Subject: Re: Check Capital Management BRK Options Stragegies
Not sure you meant that MM's were actually synthetically short (sell a call and buy a put) when they sold a call, but yeah, they needed to account for the bad effect on their short calls of share price going up, and as you explain they bought shares to offset (which helped share price to go up!). In principle, they could have done a synth long (buy call and sell put) instead of straight long, but they'd do whatever best for their overall order book. Maybe the call buyers were a different group of more sophisticated investors, and not the original 'diamond hand' redditors?
Jim's sentence is the key to understanding those on the opposite side of the trade from you.
> They are in the business of picking up the bid/ask gaps, not in the business of speculating on the direction of stocks.
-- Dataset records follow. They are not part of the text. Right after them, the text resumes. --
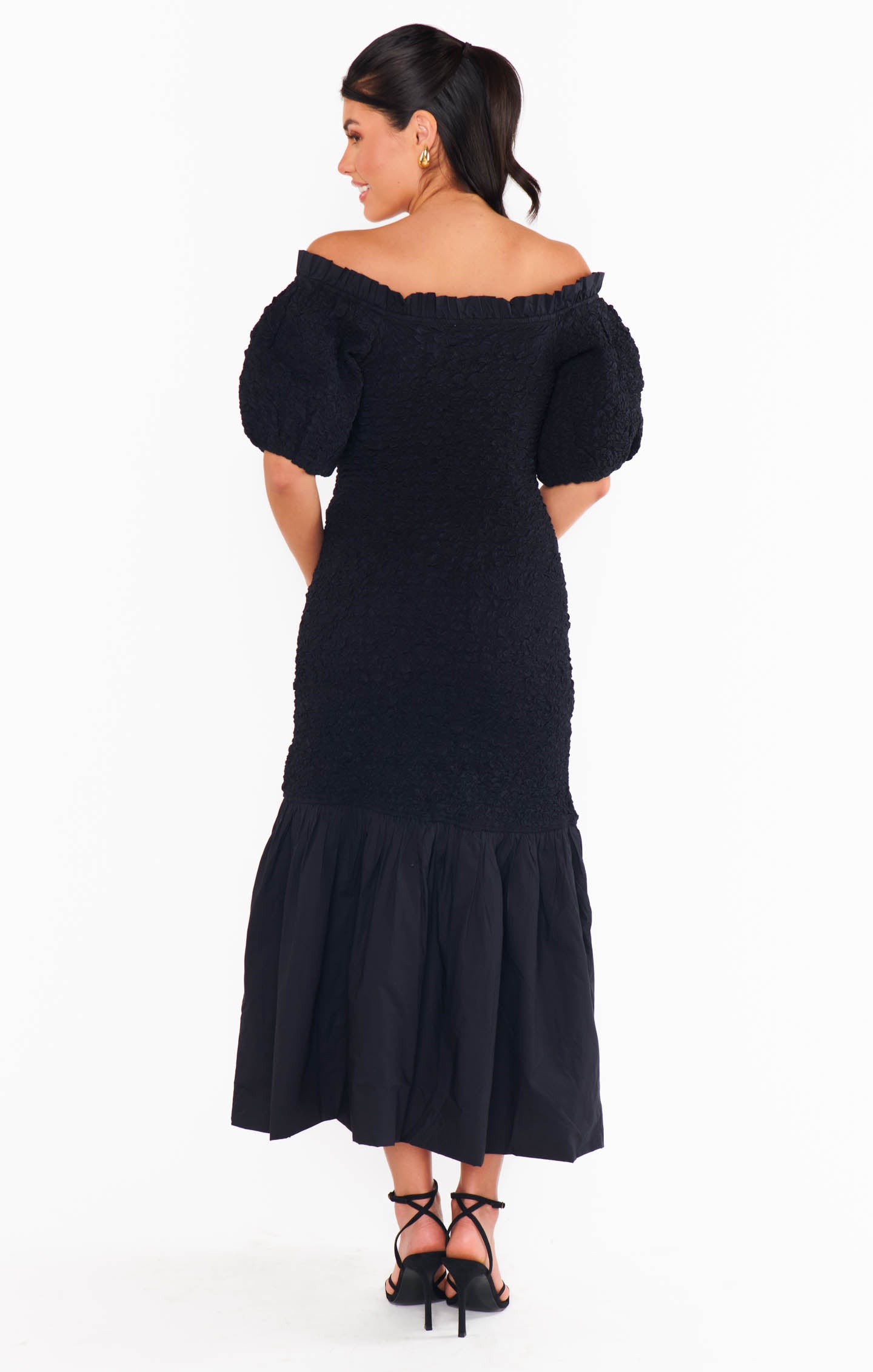 Black Off-Shoulder Midi Dress - Stretch Textured Fabric for Date Night
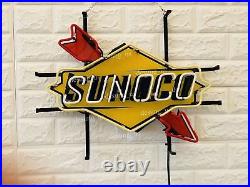 Sunoco Gas Gasoline Motor Oil 20x16 Neon Light Sign Lamp HD Vivid Printing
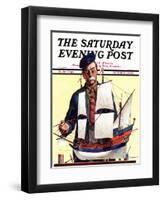 "Model Ship," Saturday Evening Post Cover, October 5, 1935-Gordon Grant-Framed Giclee Print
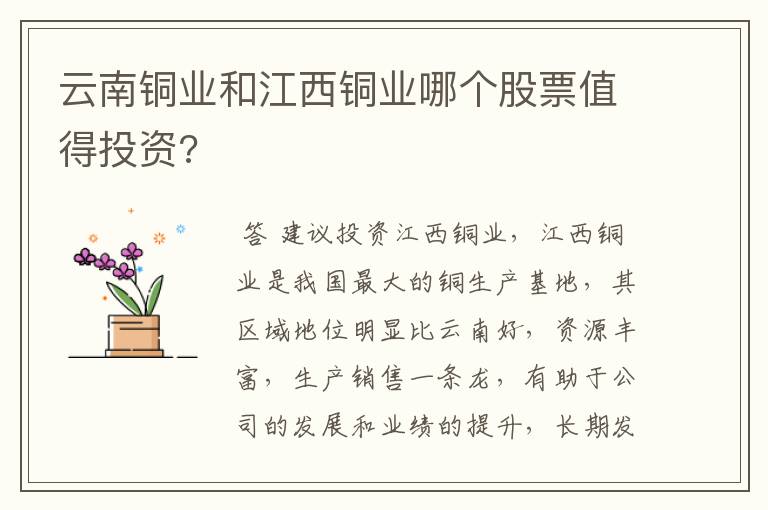 云南铜业和江西铜业哪个股票值得投资?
They want to pocket the realized bid/ask, and otherwise remain neutral to market direction, hence the phrase "delta neutral". Usually it's a market maker on the opposite side of the trade from you, e.g. if you want to buy a call it's the MM who sells you the call and not e.g. me (assuming I was long a call). They sit in the middle and pick up a risk-free (as much as they can hedge risk) realized bid/ask gap. Nice business, if you can get it (well, they do have overhead)! Because basically every trade is delta-hedged, there's a *huge* amount of money tied to the valuation model they use, I've always wondered about the possible unintended effects of that.